So far 166 primary schools with Reception Classes and six Early Childhood Development (ECD) centres have benefit from the project since 2020. More disadvantaged children from 800 institutions nationwide will be reached by 2025.

The Foundation says it aims to give children the best start in life by establishing and developing existing early educational services in a sustainable way.

In low-income countries such as Lesotho, more than 80 percent of children do not have access to early education, it notes.

During his visit, Federer met with key stakeholders including His Majesty King Letsie III and Her Majesty Queen ’Masenate Mohato Seeiso, Prime Minister Samuel Matekane, minister of education and training Ntoi Rapapa, international and local donors, as well as representatives from the corporate and non-profit sectors.

He also visited some primary schools across the country to learn about the impact of the School Readiness Initiative.

In a press statement, the Foundation said the project aims to advance the United Nations Sustainable Development Goal 4.2 and Lesotho’s national education polices that seek to ensure that all children participate in quality and organised learning before they start the first grade of primary school, through Reception Class.

“The programme fulfills this mandate through raising awareness and capacitating all Reception Classes to meet their roles and responsibilities by 2025.

“It also seeks to ensure that at least 800 institutions have age-appropriate play-based learning environments and materials inside and outside the classroom, including natural playgrounds built by local communities using locally available resources.

“The third objective of the programme is to ensure that Reception Class teachers have appropriate knowledge and competencies to facilitate play-based teaching and learning that is appropriate for Reception Class and ensure that the children are ready for their first grade of primary school,” the statement said.

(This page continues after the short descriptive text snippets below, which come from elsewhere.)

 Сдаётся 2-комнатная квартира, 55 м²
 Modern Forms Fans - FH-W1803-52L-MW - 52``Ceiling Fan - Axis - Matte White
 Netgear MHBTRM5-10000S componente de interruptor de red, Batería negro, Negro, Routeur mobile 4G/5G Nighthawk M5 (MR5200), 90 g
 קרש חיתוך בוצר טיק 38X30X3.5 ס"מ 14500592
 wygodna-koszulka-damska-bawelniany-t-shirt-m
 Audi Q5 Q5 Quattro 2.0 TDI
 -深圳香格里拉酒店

Unlike traditional methods of training and resourcing teachers, this programme has the advantage of innovative information and technology approaches by providing teachers with a tablet that contains digital resources and Android applications, including a course that fosters peer-to-peer learning among early grade teachers, which results in training cost savings.

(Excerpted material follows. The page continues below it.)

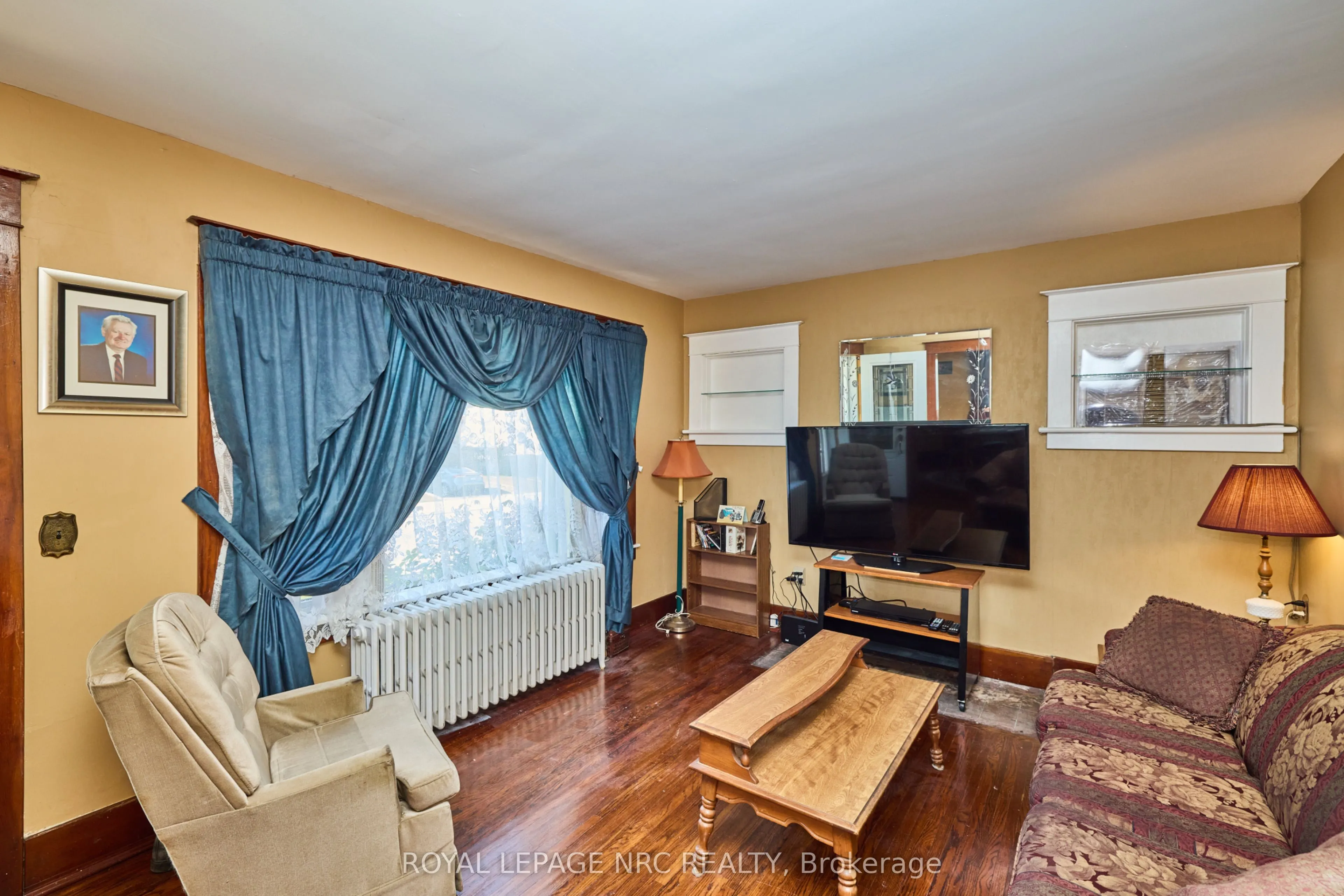 24 Randolph Street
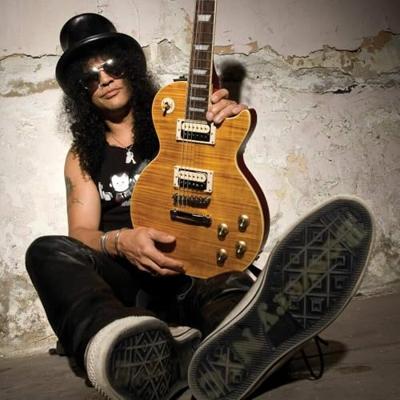 Seymour Duncan APH-2s Slash Alnico II Pro Humbucker Set Zebra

The tablets do not need internet while in use and teachers get solar units to keep their tablets charged if they do not have access to electricity.

“The Foundation believes that investing in the early education of Basotho children is investing in a better future for the country.

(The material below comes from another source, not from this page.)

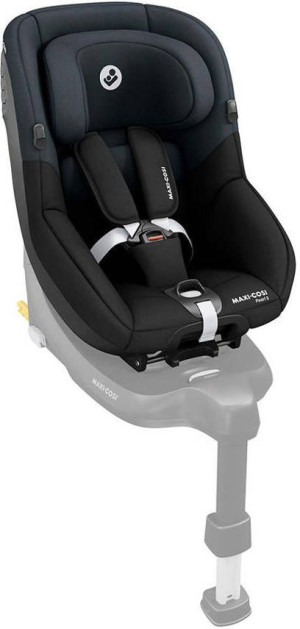 Maxi-Cosi Cadeira auto para bebé /criança MAXICOSI Pearl S Tonal Black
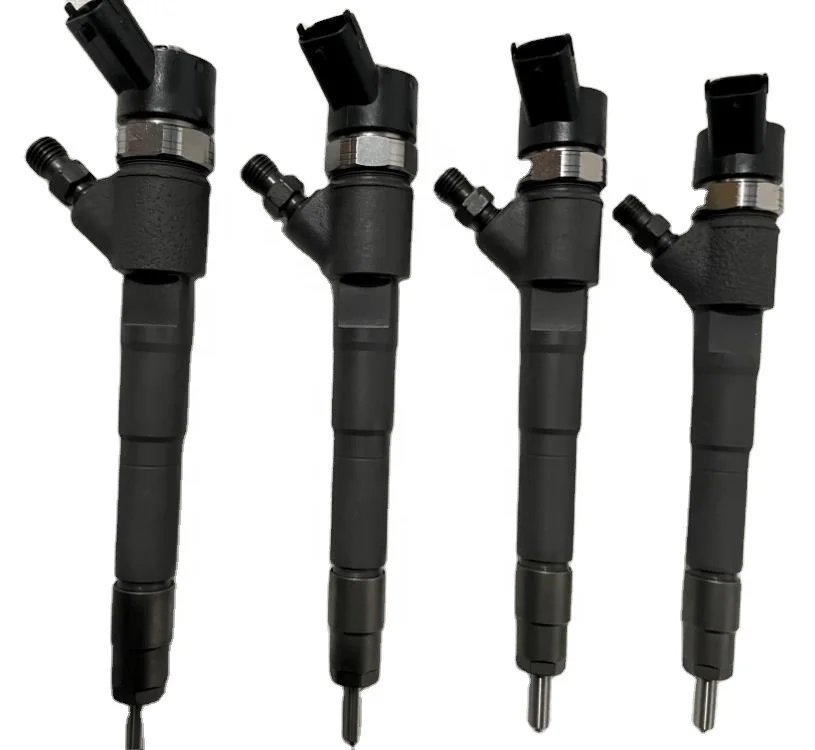 Common rail fuel injector 504088823 504380117 71793015 2995472 0445110247 0445110248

“Investment in early childhood education should be prioritised to improve the children’s academic performance in later years, which has a positive ripple effect,” the organisation added.

Federer said the Foundation is committed to scaling up the School Readiness Initiative in Lesotho, to strengthening advocacy messages to other actors and to mobilising additional resources for the sector.

Speaking in Maseru this week, the tennis icon said the Foundation’s work can only have a greater, more positive impact if the Government of Lesotho puts preschool education highest on its priority list and allocates more resources to the sector. “The business and development partners will also need to join in. They need to speed up coordination efforts to pool resources towards a unified vision for ECCE And when that accelerated effort happens, we will see more Reception Classes being attached and opened in all primary schools; more qualified Reception Class teachers being hired and more quality assurance investments being made at all levels of government to deliver quality equitable early childhood education. The responsibility is ours. Let’s accept it and move to action.”